[What to produce] When copying the data below, keep only the lines from the one with "RUIM APP (147m2)" through the one with "2 AUTOSTAANPL TE GENK!", word for word, and skip the pictures.

[Exercise input]
───

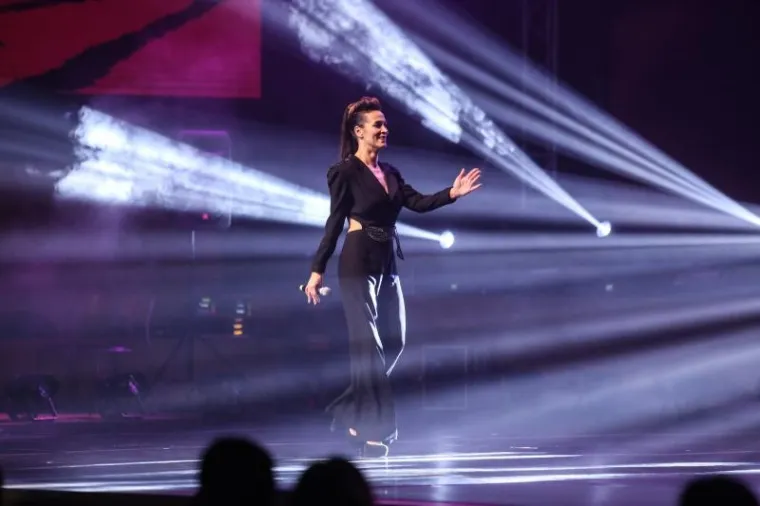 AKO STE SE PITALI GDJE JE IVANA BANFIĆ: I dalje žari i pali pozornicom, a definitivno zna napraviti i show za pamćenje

───

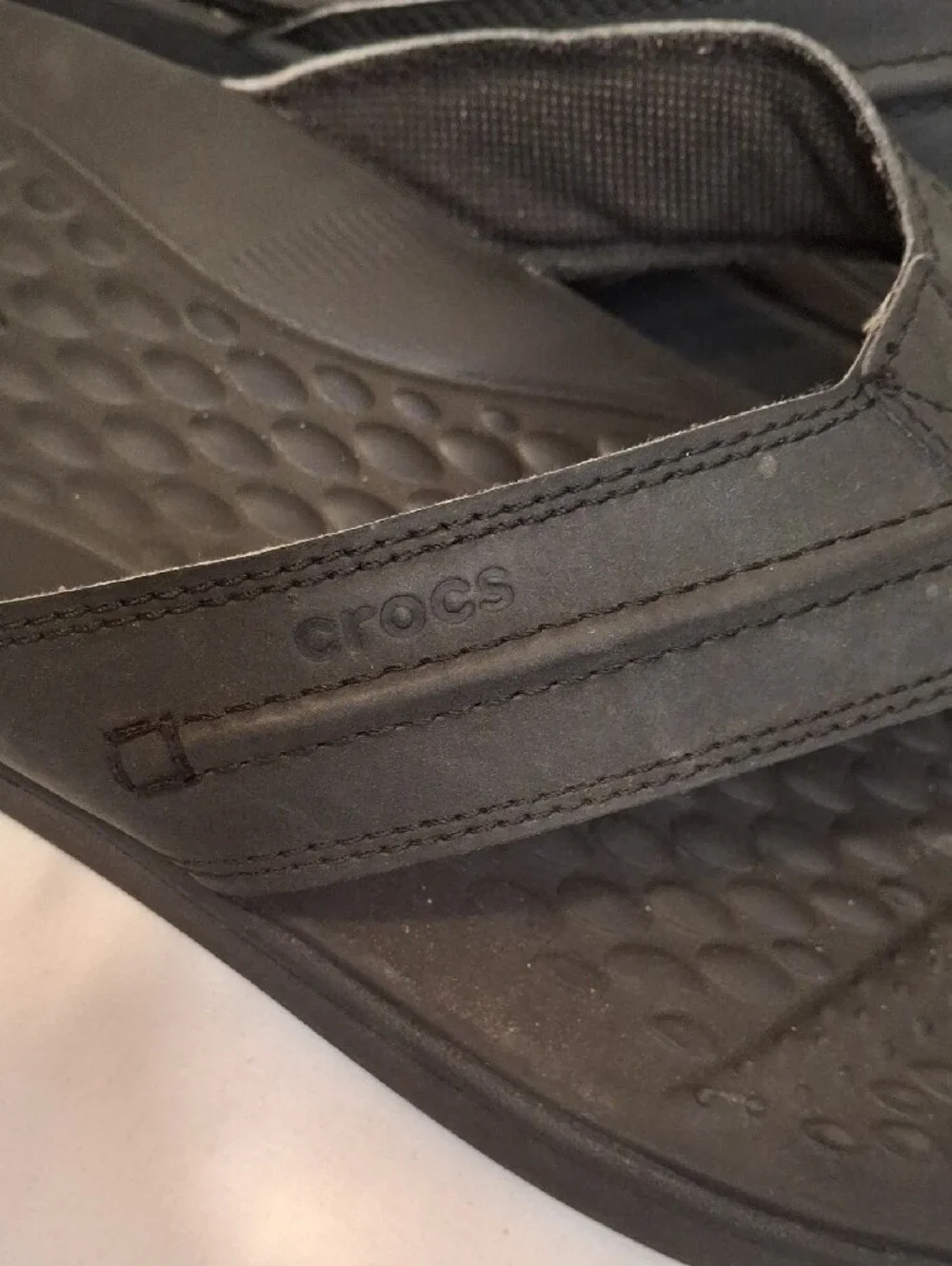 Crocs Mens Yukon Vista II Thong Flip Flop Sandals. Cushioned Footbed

───

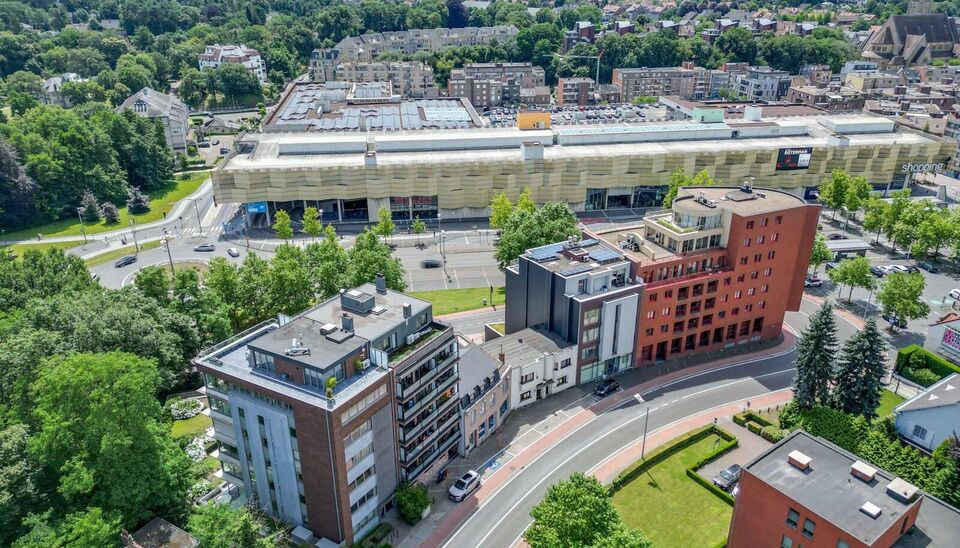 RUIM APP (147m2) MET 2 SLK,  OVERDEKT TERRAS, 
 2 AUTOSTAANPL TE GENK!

───

[Exercise answer]
 RUIM APP (147m2) MET 2 SLK,  OVERDEKT TERRAS, 
 2 AUTOSTAANPL TE GENK!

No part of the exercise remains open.